To the decision makers, the leaders of both the new and the old guard, I say:

It hurts when you don’t take me as I am.  It is an act of violence to impose your dominance on others.  You torment your fellow brothers, sisters, and children when you maintain your power by fueling oppressive systems, and fearing those who don’t fit in the boxes you’ve preserve out of complacency and ignorance.

Paul Laurence Dunbar lays it out so cold:

We Wear the Mask

We wear the mask that grins and lies,
It hides our cheeks and shades our eyes,–
This debt we pay to human guile;
With torn and bleeding hearts we smile,
And mouth with myriad subtleties.

Why should the world be over-wise,
In counting all our tears and sighs?
Nay, let them only see us, while
We wear the mask.

We smile, but, O great Christ, our cries
To thee from tortured souls arise.
We sing, but oh the clay is vile
Beneath our feet, and long the mile;
But let the world dream otherwise,
We wear the mask!

-Dunbar, Paul Laurence. The Collected Poetry of Paul Laurence Dunbar. Joanne M. Braxton, ed.
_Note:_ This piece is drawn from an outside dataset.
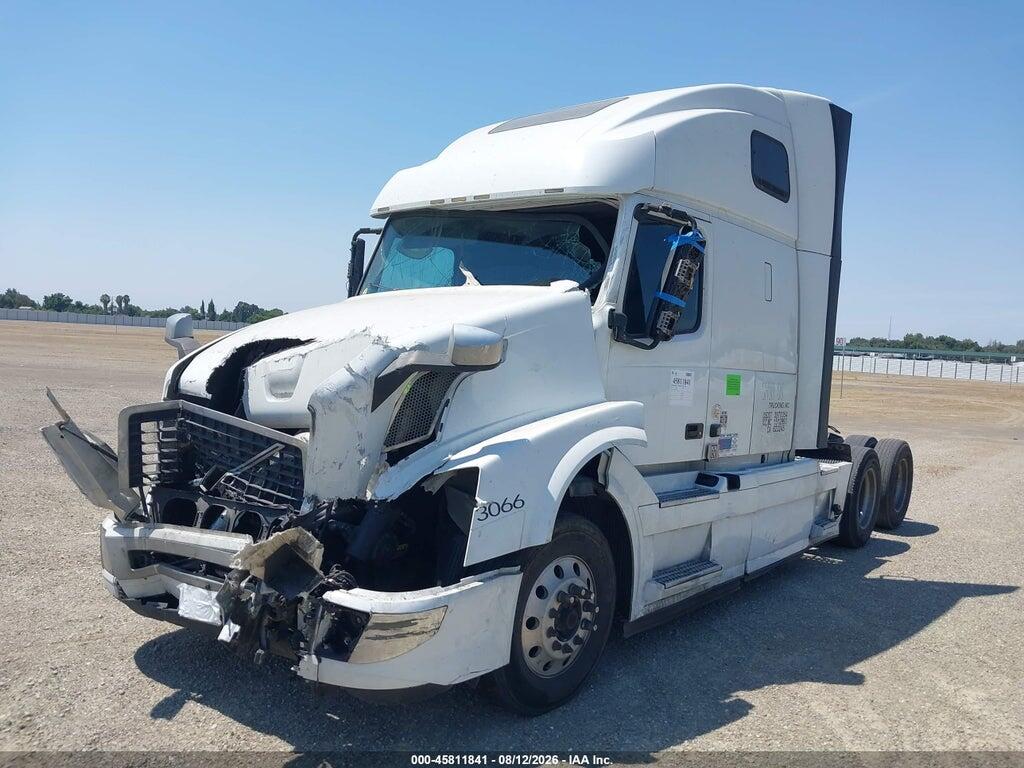4V4NC9EJ2HN990624 2017 VOLVO VNL photo no. 2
Charlottesville: University Press of Virginia, 1993.

Now, you know he nailed it.  I’m not angry, I just ain’t gonna smile all the damn time.  Just like the mask from our Halloween costumes, it gets hot, sticky, and uncomfortable under that mask.  You can’t see everything like you want, but you have to keep it on for folks to buy into the image you want to convey.  Eventually though, you can’t take it anymore and you have to take it off.

I have more to offer than humor, soul food, or sex.  There’s all kinds of intellectual ammunition going on here, people.

boom

The older I get, the less I smile.  This is my reasonable service to those who follow me.  I speak rather than smile.  I assert without apology.  I let my hair down (literally), stare leaders in the eye as I educate and inform versus explain and translate.  I bring light to substantive issues rather than interpret slang and dance moves.  The only way to properly thank those before me is to keep the tension in the room going.  Keep pushin’ back. Live outside the labels I didn’t create.

I’m finding the key to maintaining my gumption lies in my circle.  I thank God for a personal and professional community of people who will take the risks with and on behalf of all of the souls that live behind the mask.  After all, masks should be hanging on a wall, right?